Valenti criticized by filmmakers

NEW YORK — Hollywood execs cheered recently as Jack Valenti flexed his muscles in Washington hoping to fight off Sen. Joe Lieberman and other pols bent on imposing a universal ratings system, but Valenti isn’t likely to win a popularity contest in the indie film world.

That’s clear as a dispute between two fixtures of the indie biz — taboo-busting director Todd Solondz and October Films co-founder and Lot 47 prexy Jeff Lipsky — flared on the news service

Solondz had been asked to alter his new film, “Storytelling,” to meet his contractual agreement with distributor Fine Line and secure an R rating. Instead, he superimposed a large red box on a scene he says was deemed “pornographic” by the MPAA, one that graphically shows a college professor (Robert Wisdom) having sex with a student (Selma Blair).

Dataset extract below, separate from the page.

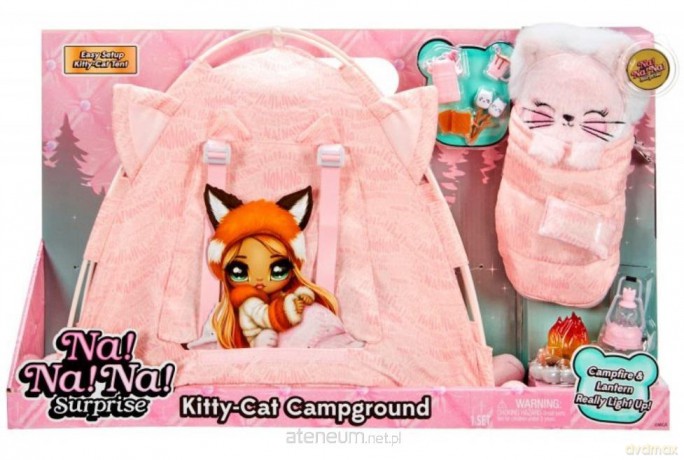Na! Na! Na! Surprise Campground Playset (2 szt)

Rather than camouflaging the offending bits digitally, a la “Eyes Wide Shut,” Solondz said he hoped to draw attention to the act of censorship.

“I didn’t want to be a victim of censorship; I’d rather take it by the cajones and say this is what it is,” Solondz said in the posted interview.

Lipsky doesn’t see it that way. In a letter to indieWire, Lipsky didn’t mince words: “For Todd Solondz to proclaim, ‘I just didn’t want to be a victim of censorship … is delusional and a sure-fire sign he is sucking up to Hollywood, the majors, and commercial cinema,” Lipsky wrote.

Solondz declined to discuss Lipsky’s missive. But the implication that he has sold out isn’t likely to sit well with a director who hassought to broaden the horizons of American indiedom with pics like “Welcome to the Dollhouse” and “Happiness,” which was dropped by October and released unrated by Good Machine.

Lipsky isn’t prepared to let Solondz off the hook, but he admits that Valenti should also be held accountable for this state of affairs.

“Jack Valenti is having a field day,” said Lipsky. The Lieberman legislation, he said, “creates a complete smokescreen that allows him to get away from what’s wrong with the MPAA. Hollywood allows him to have a Supreme Court-like tenure because his job is not to rock the boat.”